Problem statement. Each line of the data must be written out again verbatim; no image belongs in the copy.
START The data
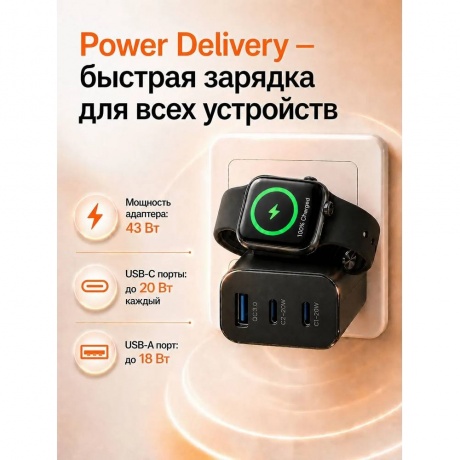 Сетевое зарядное устройство MEOW с функцией беспроводной зарядки Apple Watch - фото 12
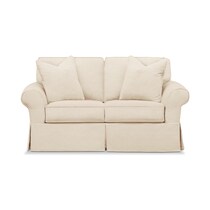 sawyer beige slipcover loveseat   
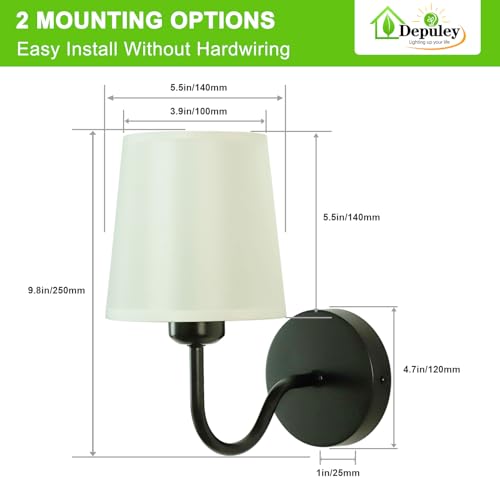 Wall Sconces Battery Operated (2 Count)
END The data
Written answer.
 Сетевое зарядное устройство MEOW с функцией беспроводной зарядки Apple Watch - фото 12
 sawyer beige slipcover loveseat   
 Wall Sconces Battery Operated (2 Count)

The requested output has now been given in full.